# Your goal
Omit all pictures. Reproduce exactly the lines from the first line of the records below through the line with "Smiling customer service".

# Dataset records
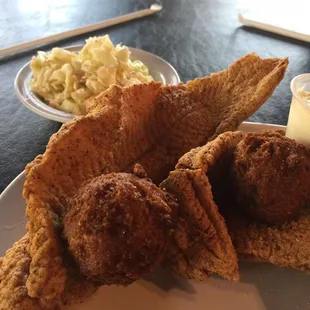 fried fish and a side of coleslaw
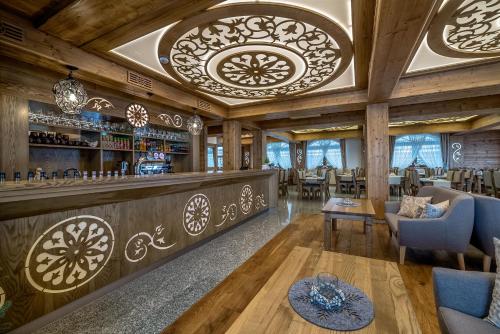 a bar in a restaurant with wooden ceilings at Hotel Górski in Białka Tatrzanska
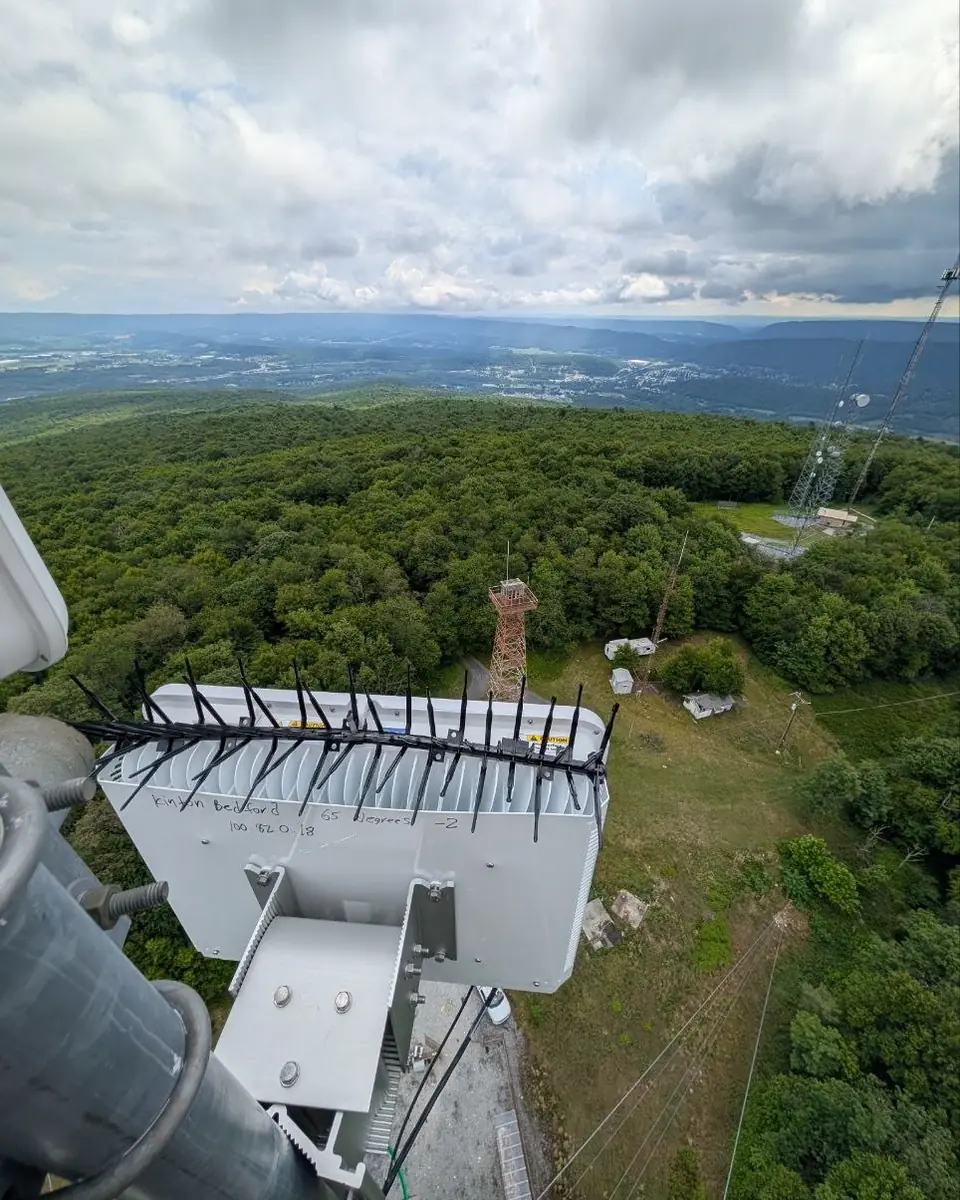 A modern base-station radio on a tower above a forested summit and a wide valley under dramatic clouds.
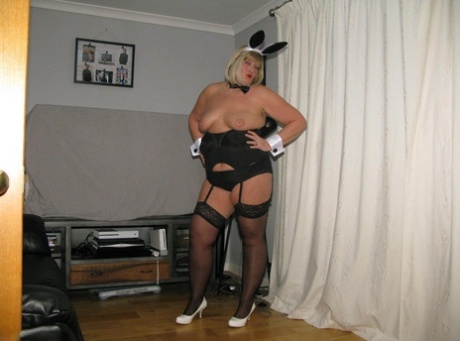 As she frees herself from her cocktail waitress costume, Chrissy Uk is filmed on camera as she releases her short hair and pussy.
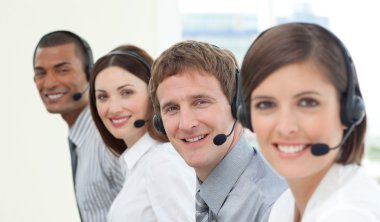 Smiling customer service agents with headset on clipart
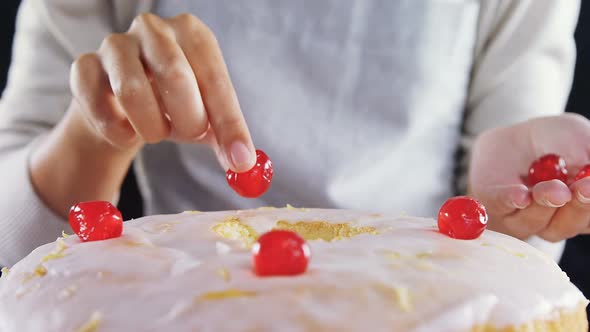 Woman topping a fresh baked cake with cherry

# Result for this task
 fried fish and a side of coleslaw
 a bar in a restaurant with wooden ceilings at Hotel Górski in Białka Tatrzanska
 A modern base-station radio on a tower above a forested summit and a wide valley under dramatic clouds.
 As she frees herself from her cocktail waitress costume, Chrissy Uk is filmed on camera as she releases her short hair and pussy.
 Smiling customer service agents with headset on clipart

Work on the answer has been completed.